会長挨拶 永嶋昌樹

会長挨拶 永嶋昌樹


「介護の問題」と一口に言っても、それには様々な問題が含まれています。一般的には、介護人材が不足していることや、家庭での介護が大変だということ等ですが、それらは表面的な事象を捉えているに過ぎません。たとえば、「介護人材がなぜ不足しているのか」を考えると、高齢者人口が増えた、高齢化率が上昇し続けている、介護サービスを担うはずの生産年齢人口が減っている、合計特殊出生率が下がり続けている、少子化が止まらない、介護の仕事に魅力を感じる人が減った等々、理由はいくらでも見つかります。これらのうち、人口の推移に関する事柄ついては客観的な事実であり、疑う余地はありません。余談ですが、非婚化や晩婚化が進んでいることも、これらと無関係ではありません。つまり、介護人材の不足という問題は、付け焼刃的な対策ではどうにもならないということです。

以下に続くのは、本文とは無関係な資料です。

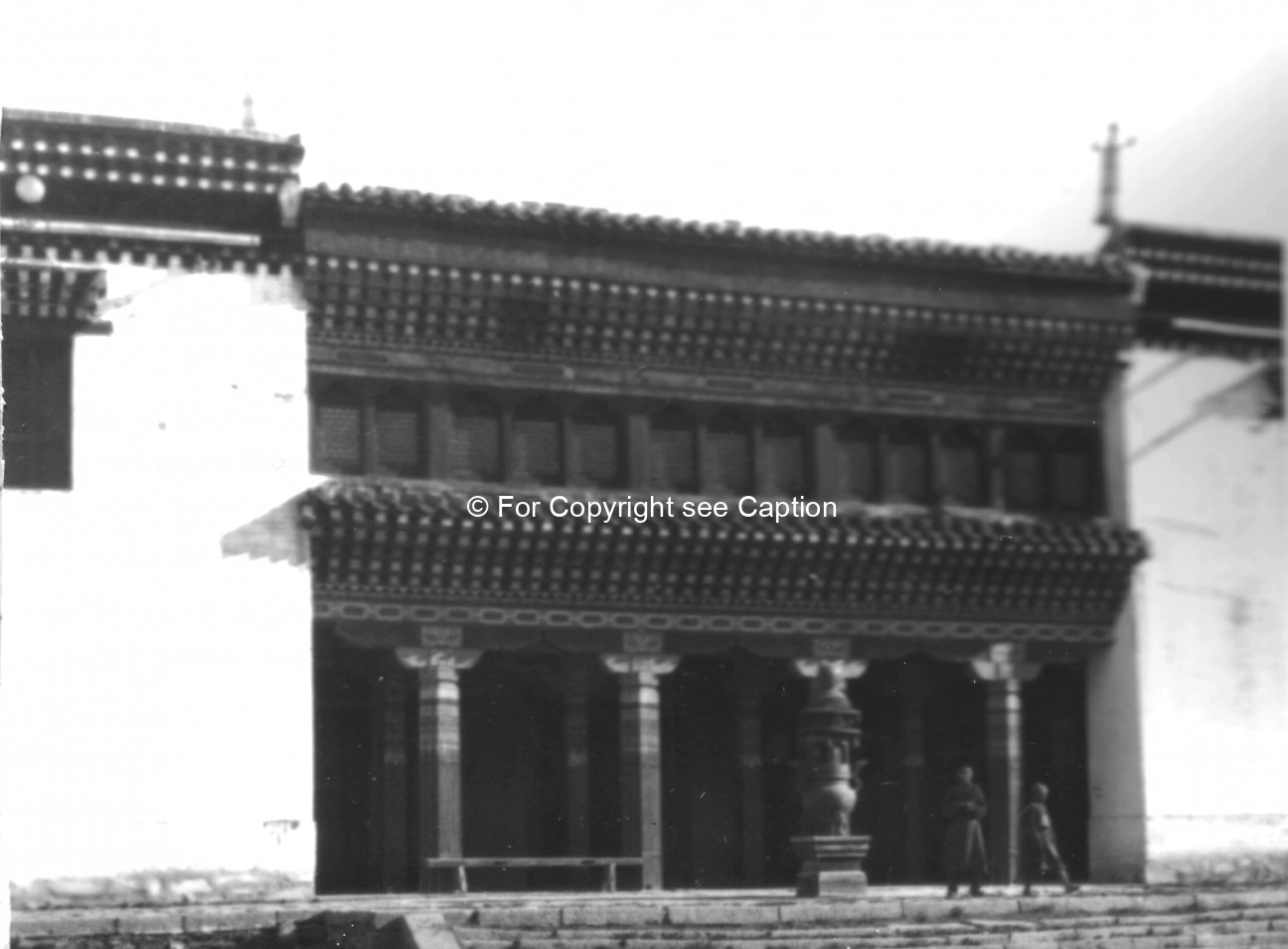 Entrance of the main assembly hall with an incense vessel and two novices. Film Archives ?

    また、介護の仕事の魅力についてですが、何に魅力を感じ、どの程度魅力を感じるのかは人それぞれです。魅力があろうがなかろうが、社会的に必要な仕事であるならば、量も質も何とかしなければなりません。魅力を感じていなくても、自分の仕事としてまじめに取り組み、利用者のために一生懸命になって働いている人もいます。それでは、どのような人材を求めるのかということになりますが、そもそも介護人材を増やせば何もかもが解決するとは限りません。問題はもっと深いところにあります。

    さて、介護保険が始まる以前、介護は第一義的には家族が担うべきだと、おそらく多くの人が考えていました。日本や韓国などいくつかの国以外のアジアの人たちは、現在も大抵そのような認識であると考えられます。年老いた親や障害のある家族の世話をすることは当たり前だと。日本もかつてはそうでした。誤解のないようにお願いしたいのですが、ほとんどが妻や嫁などの女性によって担われていたこと、いわゆるアンペイドワーク、シャドーワークであったことを肯定しているのではありません。

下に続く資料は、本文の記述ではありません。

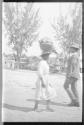 Native girl carrying burden on her head, Jamaica Trip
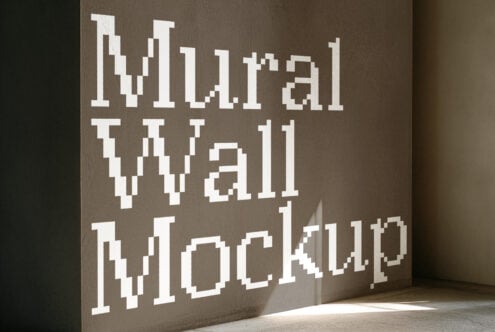 Pixelated white text on concrete wall reading "We are all working"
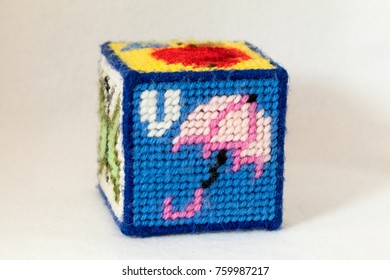 Child's Needlepoint Alphabet Block With Letter U And Image Of Umbrella. White Background.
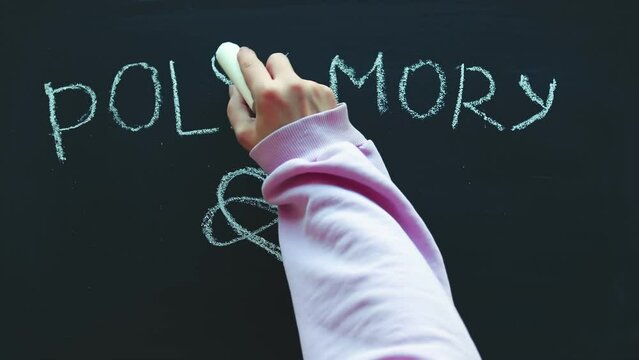 Close-up of a timelapse of a child's hand writing with chalk on a board - polyamory. The concept of love, openness, sex education, relationship, diversity and acceptance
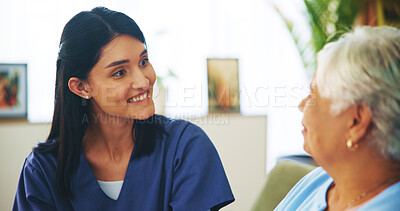 Buy stock photo Smile, conversation and old woman on sofa with nurse for senior care, support and trust in lounge at home. Homecare, elderly person and caregiver on couch with healthcare advice, bonding and comfort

    近年は、若い世代になればなるほど、家族が介護を担うという考えの人が少なくなっています。反対に、介護保険などの社会的サービスを利用すべきだ、だから誰でもが利用できるようにサービスを充実させるべきだ、という考えの人がかなり多くなっているように感じます。

    介護保険を利用する人が増えると、国や地方自治体の財政に確実に影響を与えます。そのため、社会的な介護サービスは縮減される方向に動きます。そうなると、介護が必要な人はいったい誰が支えるのでしょうか。公的なサービスが利用できない、家族であっても自分たちが介護したくない。家族としての責任を考えないことと個人が自由であることとは別の次元の話です。もちろん、人には一人ひとりさまざまな事情があります。「個別化」は福祉の最も大切な価値の一つです。それを踏まえた上で敢えて問います。はじめから制度やICTに頼るのではなく、家族の機能や原初の人としての行動・態度を再検討する必要もあるのではないでしょうか。介護保険に過度な期待と要求をするのではなく、他の方法・手段も考えられるのではないでしょうか。それらを考えたとしても、おそらく近視眼的には現状の問題解決にはまったくならないでしょう。人とかかわるのが面倒だという人が増えました。いや、増えたかどうかはわかりませんが、人とかかわって面倒なことになるのを避けるために、人とかかわること自体を避ける人が増えているように思います。

    容易ではありませんが、小手先の対策ではなく、社会のあり方・人々の考え方を変えていくことこそ大事であると考えます。介護福祉士こそ、「介護の問題」を解決するために社会変革を目指す専門職でありたいですね。